● Supplied entries:
▬▬▬▬▬▬
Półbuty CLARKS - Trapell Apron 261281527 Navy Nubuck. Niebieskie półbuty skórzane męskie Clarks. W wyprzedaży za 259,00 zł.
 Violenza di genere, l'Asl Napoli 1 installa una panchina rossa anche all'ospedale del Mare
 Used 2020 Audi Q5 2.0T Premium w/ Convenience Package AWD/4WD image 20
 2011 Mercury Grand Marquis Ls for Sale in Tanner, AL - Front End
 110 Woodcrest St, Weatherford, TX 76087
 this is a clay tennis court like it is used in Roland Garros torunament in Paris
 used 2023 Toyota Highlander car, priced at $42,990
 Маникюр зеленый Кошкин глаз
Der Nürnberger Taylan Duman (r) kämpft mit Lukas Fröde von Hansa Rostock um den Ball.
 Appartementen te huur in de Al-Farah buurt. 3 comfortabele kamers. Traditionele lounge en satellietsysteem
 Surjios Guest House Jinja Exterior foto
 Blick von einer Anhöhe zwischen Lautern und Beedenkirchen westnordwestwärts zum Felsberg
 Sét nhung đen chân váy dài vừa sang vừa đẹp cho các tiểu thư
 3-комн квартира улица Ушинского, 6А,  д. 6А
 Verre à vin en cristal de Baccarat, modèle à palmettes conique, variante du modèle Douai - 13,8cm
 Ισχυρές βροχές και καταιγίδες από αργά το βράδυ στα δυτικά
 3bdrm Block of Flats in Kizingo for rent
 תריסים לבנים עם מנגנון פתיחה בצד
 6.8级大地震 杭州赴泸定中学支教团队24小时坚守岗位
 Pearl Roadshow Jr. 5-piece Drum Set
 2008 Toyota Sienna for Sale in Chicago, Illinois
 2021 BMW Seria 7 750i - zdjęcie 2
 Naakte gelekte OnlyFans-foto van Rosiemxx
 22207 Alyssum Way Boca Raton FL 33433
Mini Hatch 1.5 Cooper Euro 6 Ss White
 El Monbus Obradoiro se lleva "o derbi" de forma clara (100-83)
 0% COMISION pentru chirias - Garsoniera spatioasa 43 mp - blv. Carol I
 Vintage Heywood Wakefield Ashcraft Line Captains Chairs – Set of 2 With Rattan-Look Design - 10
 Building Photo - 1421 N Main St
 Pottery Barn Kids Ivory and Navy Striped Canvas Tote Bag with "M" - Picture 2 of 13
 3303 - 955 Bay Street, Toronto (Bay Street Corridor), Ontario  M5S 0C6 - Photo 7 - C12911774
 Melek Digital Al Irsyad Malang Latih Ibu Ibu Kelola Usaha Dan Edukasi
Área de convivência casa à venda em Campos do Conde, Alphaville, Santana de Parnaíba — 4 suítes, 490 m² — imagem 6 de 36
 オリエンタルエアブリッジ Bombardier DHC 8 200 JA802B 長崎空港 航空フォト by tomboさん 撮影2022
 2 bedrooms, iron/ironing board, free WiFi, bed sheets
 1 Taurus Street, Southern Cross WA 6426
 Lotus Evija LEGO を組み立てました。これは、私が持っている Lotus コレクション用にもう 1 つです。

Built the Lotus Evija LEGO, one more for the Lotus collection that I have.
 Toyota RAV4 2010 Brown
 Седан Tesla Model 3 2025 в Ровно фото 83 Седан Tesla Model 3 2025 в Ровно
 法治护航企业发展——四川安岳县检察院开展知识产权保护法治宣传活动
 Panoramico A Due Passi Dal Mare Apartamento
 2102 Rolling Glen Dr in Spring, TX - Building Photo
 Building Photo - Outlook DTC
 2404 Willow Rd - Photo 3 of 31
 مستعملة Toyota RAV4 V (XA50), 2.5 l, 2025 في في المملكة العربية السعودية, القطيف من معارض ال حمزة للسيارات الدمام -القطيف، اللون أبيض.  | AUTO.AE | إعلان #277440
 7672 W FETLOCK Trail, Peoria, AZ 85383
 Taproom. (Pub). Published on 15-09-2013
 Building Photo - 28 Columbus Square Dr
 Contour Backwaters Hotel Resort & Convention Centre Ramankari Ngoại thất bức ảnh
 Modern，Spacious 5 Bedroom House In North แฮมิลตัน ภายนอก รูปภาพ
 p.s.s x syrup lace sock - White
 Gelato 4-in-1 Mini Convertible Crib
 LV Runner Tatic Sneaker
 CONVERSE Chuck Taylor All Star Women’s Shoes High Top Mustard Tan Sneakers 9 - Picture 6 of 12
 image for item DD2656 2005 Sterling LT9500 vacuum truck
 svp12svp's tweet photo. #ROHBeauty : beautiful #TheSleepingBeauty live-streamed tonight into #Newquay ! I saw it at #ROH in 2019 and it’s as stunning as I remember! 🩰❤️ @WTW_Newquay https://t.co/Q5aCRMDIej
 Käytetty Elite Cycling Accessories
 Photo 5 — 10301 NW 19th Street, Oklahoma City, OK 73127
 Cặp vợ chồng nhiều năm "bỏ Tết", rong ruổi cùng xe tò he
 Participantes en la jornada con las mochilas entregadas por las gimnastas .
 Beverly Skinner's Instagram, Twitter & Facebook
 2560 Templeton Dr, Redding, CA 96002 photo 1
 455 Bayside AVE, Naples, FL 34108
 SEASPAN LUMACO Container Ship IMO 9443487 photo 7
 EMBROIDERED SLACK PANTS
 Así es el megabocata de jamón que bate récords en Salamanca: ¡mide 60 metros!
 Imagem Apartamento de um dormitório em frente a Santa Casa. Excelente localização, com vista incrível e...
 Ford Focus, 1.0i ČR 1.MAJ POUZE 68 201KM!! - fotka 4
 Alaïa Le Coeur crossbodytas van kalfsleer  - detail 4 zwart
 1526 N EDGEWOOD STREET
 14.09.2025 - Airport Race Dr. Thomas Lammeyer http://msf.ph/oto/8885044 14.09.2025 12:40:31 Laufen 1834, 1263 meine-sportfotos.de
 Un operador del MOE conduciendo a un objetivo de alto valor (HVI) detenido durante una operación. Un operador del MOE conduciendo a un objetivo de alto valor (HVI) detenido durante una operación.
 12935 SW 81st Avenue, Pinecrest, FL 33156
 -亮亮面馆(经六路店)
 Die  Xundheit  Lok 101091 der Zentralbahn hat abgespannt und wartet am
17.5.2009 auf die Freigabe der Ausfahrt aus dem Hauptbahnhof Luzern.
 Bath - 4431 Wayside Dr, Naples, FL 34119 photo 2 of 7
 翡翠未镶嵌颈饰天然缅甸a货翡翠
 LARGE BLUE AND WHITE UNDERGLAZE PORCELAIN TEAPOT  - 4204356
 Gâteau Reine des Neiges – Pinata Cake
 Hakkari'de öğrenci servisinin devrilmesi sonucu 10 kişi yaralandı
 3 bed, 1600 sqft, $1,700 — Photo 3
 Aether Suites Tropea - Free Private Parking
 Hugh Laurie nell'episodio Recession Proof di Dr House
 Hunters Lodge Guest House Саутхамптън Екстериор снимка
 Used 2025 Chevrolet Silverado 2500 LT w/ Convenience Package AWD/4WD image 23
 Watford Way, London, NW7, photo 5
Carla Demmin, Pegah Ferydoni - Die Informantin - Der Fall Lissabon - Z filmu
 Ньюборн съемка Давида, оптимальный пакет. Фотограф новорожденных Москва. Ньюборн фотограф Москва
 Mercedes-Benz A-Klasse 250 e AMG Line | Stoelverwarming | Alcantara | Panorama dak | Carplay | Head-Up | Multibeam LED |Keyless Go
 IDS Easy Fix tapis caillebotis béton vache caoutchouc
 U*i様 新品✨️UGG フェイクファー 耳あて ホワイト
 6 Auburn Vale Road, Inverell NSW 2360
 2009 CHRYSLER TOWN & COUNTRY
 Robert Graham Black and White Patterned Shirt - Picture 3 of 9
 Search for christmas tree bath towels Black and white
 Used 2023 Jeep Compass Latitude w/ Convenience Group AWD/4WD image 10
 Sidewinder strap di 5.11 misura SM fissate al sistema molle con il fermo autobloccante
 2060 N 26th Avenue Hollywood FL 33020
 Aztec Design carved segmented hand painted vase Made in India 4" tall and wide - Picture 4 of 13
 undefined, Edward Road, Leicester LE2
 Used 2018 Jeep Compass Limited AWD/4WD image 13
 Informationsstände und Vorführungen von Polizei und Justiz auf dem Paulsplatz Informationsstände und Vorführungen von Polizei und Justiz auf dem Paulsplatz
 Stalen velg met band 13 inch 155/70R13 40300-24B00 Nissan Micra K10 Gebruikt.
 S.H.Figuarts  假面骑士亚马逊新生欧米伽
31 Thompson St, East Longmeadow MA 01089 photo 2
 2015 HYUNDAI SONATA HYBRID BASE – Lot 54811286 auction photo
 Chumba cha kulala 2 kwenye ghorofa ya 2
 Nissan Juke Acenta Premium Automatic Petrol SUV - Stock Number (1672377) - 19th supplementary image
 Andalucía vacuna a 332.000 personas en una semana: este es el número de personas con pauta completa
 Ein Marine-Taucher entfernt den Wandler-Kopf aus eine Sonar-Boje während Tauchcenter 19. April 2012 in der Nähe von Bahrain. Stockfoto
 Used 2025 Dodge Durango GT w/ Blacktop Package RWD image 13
▬▬▬▬▬▬
● Work item: The answer must hold exactly the lines of the entries above, from the first line through the line that contains "0% COMISION pentru", and no others.

● Output for this task:
Półbuty CLARKS - Trapell Apron 261281527 Navy Nubuck. Niebieskie półbuty skórzane męskie Clarks. W wyprzedaży za 259,00 zł.
 Violenza di genere, l'Asl Napoli 1 installa una panchina rossa anche all'ospedale del Mare
 Used 2020 Audi Q5 2.0T Premium w/ Convenience Package AWD/4WD image 20
 2011 Mercury Grand Marquis Ls for Sale in Tanner, AL - Front End
 110 Woodcrest St, Weatherford, TX 76087
 this is a clay tennis court like it is used in Roland Garros torunament in Paris
 used 2023 Toyota Highlander car, priced at $42,990
 Маникюр зеленый Кошкин глаз
Der Nürnberger Taylan Duman (r) kämpft mit Lukas Fröde von Hansa Rostock um den Ball.
 Appartementen te huur in de Al-Farah buurt. 3 comfortabele kamers. Traditionele lounge en satellietsysteem
 Surjios Guest House Jinja Exterior foto
 Blick von einer Anhöhe zwischen Lautern und Beedenkirchen westnordwestwärts zum Felsberg
 Sét nhung đen chân váy dài vừa sang vừa đẹp cho các tiểu thư
 3-комн квартира улица Ушинского, 6А,  д. 6А
 Verre à vin en cristal de Baccarat, modèle à palmettes conique, variante du modèle Douai - 13,8cm
 Ισχυρές βροχές και καταιγίδες από αργά το βράδυ στα δυτικά
 3bdrm Block of Flats in Kizingo for rent
 תריסים לבנים עם מנגנון פתיחה בצד
 6.8级大地震 杭州赴泸定中学支教团队24小时坚守岗位
 Pearl Roadshow Jr. 5-piece Drum Set
 2008 Toyota Sienna for Sale in Chicago, Illinois
 2021 BMW Seria 7 750i - zdjęcie 2
 Naakte gelekte OnlyFans-foto van Rosiemxx
 22207 Alyssum Way Boca Raton FL 33433
Mini Hatch 1.5 Cooper Euro 6 Ss White
 El Monbus Obradoiro se lleva "o derbi" de forma clara (100-83)
 0% COMISION pentru chirias - Garsoniera spatioasa 43 mp - blv. Carol I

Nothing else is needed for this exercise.